数年前、最初に読んだ本(ご冥福をお祈りします)

だからきっとこのような人生を歩み続けているのだとの思いと共に、背負うこともなしに非力さにいつもさいなまれながらも、往生際悪く、五十鈴川だよりを書いたり、シェイクスピアを音読したりしているのでは、という自覚がある。

ともあれ整理確認不可能な思いに至りながらも何やらつづれずにはいられない。病を抱えながら、死をどこかに内在しながら作品を書き続けられた氏の作品を、時間の許す限り手にしたいと思う。(私が尊敬するお仕事をしておられる方は、芸術家のみならず安きに流れず、どこか死を意識しながらも、作品を創り続けておられる、ユーモアを失わず)

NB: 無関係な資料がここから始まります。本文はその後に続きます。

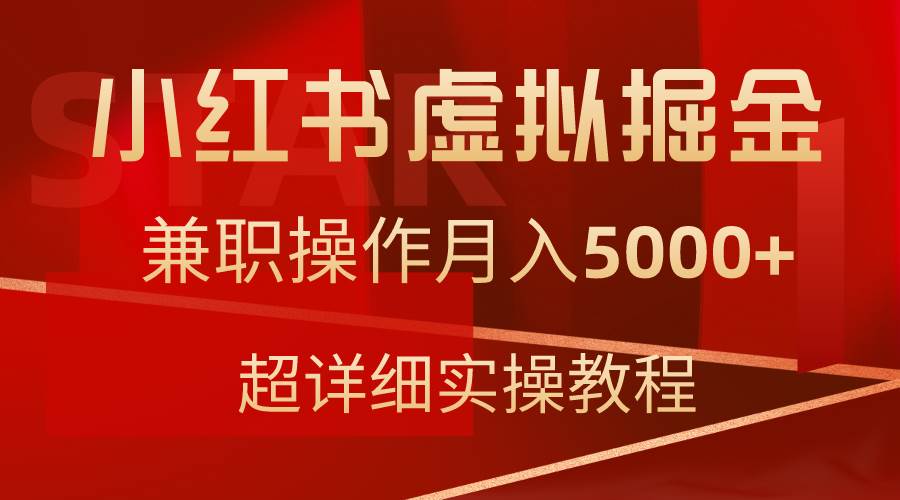 小红书虚拟掘金，兼职操作月入5000+，超详细教程-翌晨科技网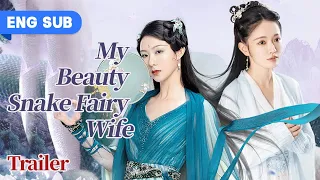 🔥Coming Soon 2🔥My Beauty Snake Fairy Wife (Yu XuanChen, Lin YanRou)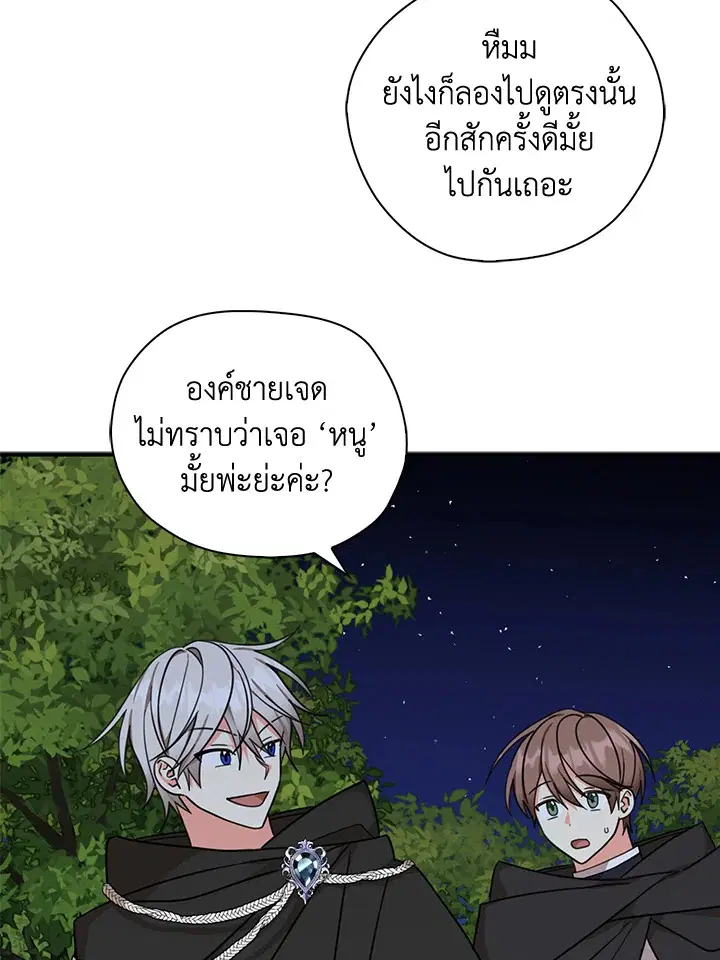 หน้า 25 จาก 89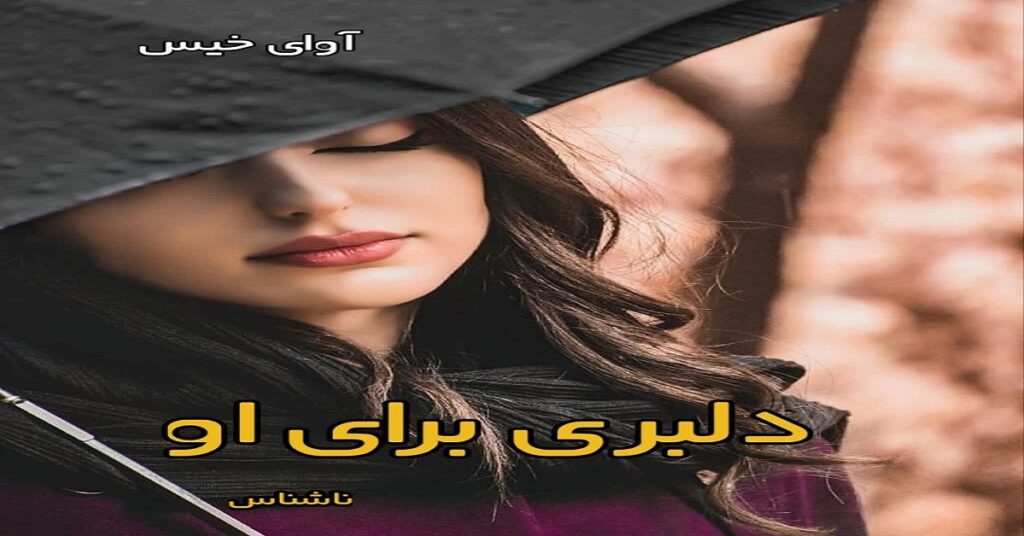دلبری برای او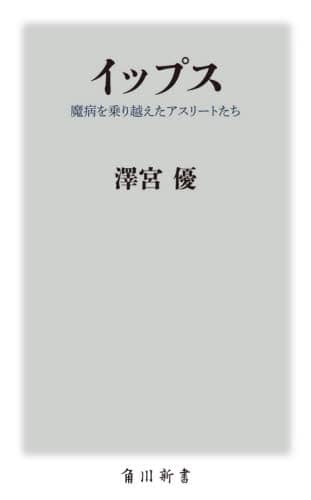 イップス　魔病を乗り越えたアスリートたち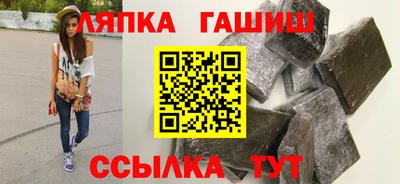 таблы Изобильный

私のようなぼんくらが書くのもなんだが、私にとって日本語によるシェイクスピアを音読するということは、限りなく生を実感する営為である。たぶん生を実感するにはある種のストレス 、負荷、ギリギリ感が必要なのだ。村上春樹氏が書いていた、走るのは悪魔祓いだと。

私自身歳を重ねながら、ますますこれからの人生時間を死者の声に耳を傾けながら、その声に耳を澄まし、オーバーではなく死者と共に日々を生きてゆくような感覚を深めてゆきたいと念うのである。

あと数日で父の命日、義父の命日、来月は母の命日と続く。愚息感いまだにぬぐえない私だが、身内の死者に対してのみではなく、あらゆる死者の霊に対しみさて、少しでも思い至れる人としての感覚を最低の感覚を持続したいと思う。

ミサイル防衛、迎撃システム、スターウォーズ計画、レーダーをかいくぐるミサイルとか、耳を閉ざしたいような国内外のニュースのオンパレード、あまたの無念を抱えつつこの世と別れを告げ、お亡くなりになった(ついこの間の大戦で)数百万人の死者の方々は、向こう側からどのようなおもいで、今の世界を眺めておられるであろうかと、私は想像する。(虚無感と無力感にさいなまれる)

死者たちの無念に、耳を傾ける体力をつけ、シェイクスピアの音読で鍛え、死者の側の作品を一滴的に音読したいという思いが湧いてきた、五十鈴川である。